Idea to Image: Near & Far

Near & Far, 24 x 30 x 1.5" (each) diptych, acrylic and ink on canvas.  I created this two-panel painting specifically for the Faculty Art Exhibition at Northwest Vista College.  I spent a good bit of time in my studio this past school year, mostly working on commissioned pet portraits and staring at the wall of paper cranes in between grading and updating course layouts.  

The cranes have served as the backdrop for several works this year; I like the regularity of this pattern and the meaning behind it.  My training as a printmaker comes through in the form of repetition.  When I'm not editioning woodcuts, pattern finds its way into my work via subject matter and mark-making (the entire background is covered in delicate hatched lines & dots that don't show up on the photograph).

I started this piece by drawing in my sketchbook, making loads of semi-blind contours of birds and plants until I found the right combination.  I cannot stress the importance of a sketchbook enough, especially for my own practice this year. Aside from the commissions, I found little time for my own paintings (at least the large scale ones I had planned).  However, there was always time for my sketchbook. This kept me in touch with my ideas over the course of a very demanding semester.

There are several sketchbooks in rotation right now, my current favorite is a larger 14 x 17" that stays on my studio desk.  I used the smaller one here so I could draw outside and enjoy the cool air over Spring Break.

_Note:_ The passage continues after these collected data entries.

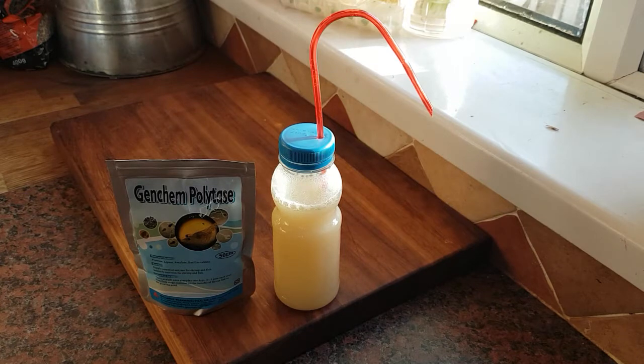We'll squeeze this into the tank. Like I said, they recommend doing it at night — I think it's really because it's going to make the tank a bit milky. So instead of it being milky during the day when you can see it, you just do it at night and it'll cloud the water overnight, then it'll be clear by the morning. That's probably why they say to do that. So I'll pause and we'll go back in the shrimp room and squeeze some of this in.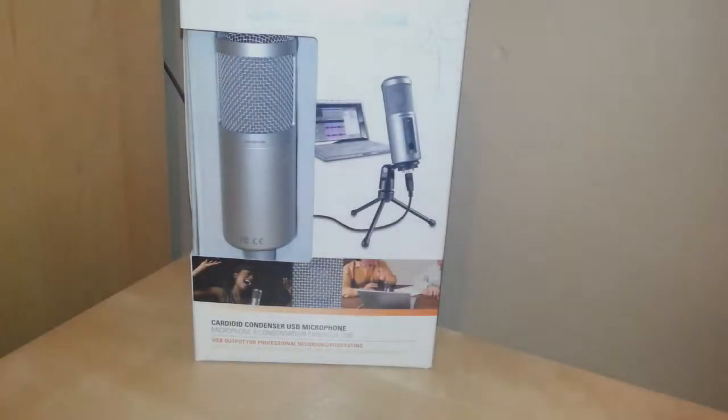Hello guys and welcome to this unboxing and first look at the Audio-Technica ATR2500 Cardioid Condenser USB Microphone. I bought this off Amazon US. I'm a UK citizen — I live in the United Kingdom — but it was a lot cheaper, including the import fees, to get it from the US Amazon site.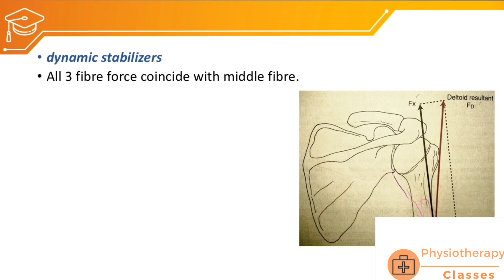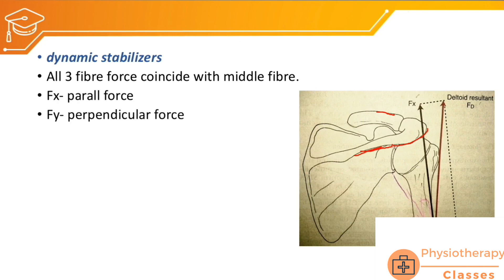The deltoid attaches from the acromion process, spine of the scapula, and lateral clavicle, and inserts to the deltoid tuberosity. Because of this attachment, when the muscle contracts it creates an upward translatory force called Fx, whereas there is only a small rotatory force Fy. So when the deltoid contracts it creates more of a translatory or parallel force directed upward — Fx is translating the humerus upward.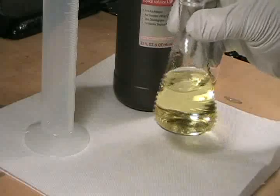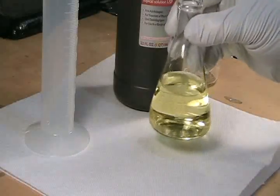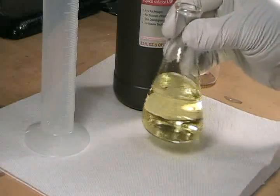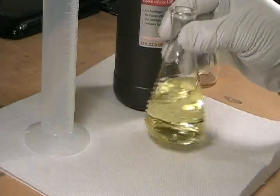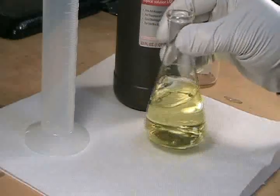For the first few seconds, nothing appears to happen. As the reaction proceeds, the solution assumes a gradually deeper yellow color as the bromide ions are oxidized to elemental bromine. We'll allow this to sit for the reaction to continue to completion.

Each canvas measures 2 feet by 2 1/2 feet.  The background was blocked in first, then a rough layout of the subject matter with tracing paper.  I do this to transfer my drawings from the sketchbook (typically I enlarge them using a grid).  The tracing paper sketches also allow me to adjust the composition without commitment and quickly establish implied line, visual interest and balance. Pictured below are photos from each stage of the painting; the colors are a bit washed out, as I had to photograph at night.  The final image shows the true color in natural light.

Stage 1: Background blocked in with a rough painting of the origami and ferns.  

Stage 2: The main subjects transferred to tracing paper and laid out to establish placement.  I had to consider movement across both canvases, so they would work together as a unit. 

Stage 3:  Birds are blocked in.  Back to the sketchbook to figure out what else needs to happen. I chose to integrate some floating yellow roses from an earlier piece to frame in the bottom and provide another element of contrast with complementary colors

 Stages 4-6: The cranes and grackles are detailed.  The foreground is added and the colors more saturated as the paint is built up.  I do not use black in my palette; the darkness comes from mixing the primaries together and adding pthalo green, deep violet and/or magenta.  I use yellow to highlight

Finished & installed in the Palmetto Center for the Fine Arts at Northwest Vista College.
Shortly after I began planning this piece, my friend David passed away in Clemson, SC.  He was a local legend and a fixture at the Sloan Street Taproom where I worked through grad school and my first teaching job.  David was a part of my extended family over the past ten years.  His loss weighed heavy on my mind as I worked and in the end Near & Far became a painting about absence.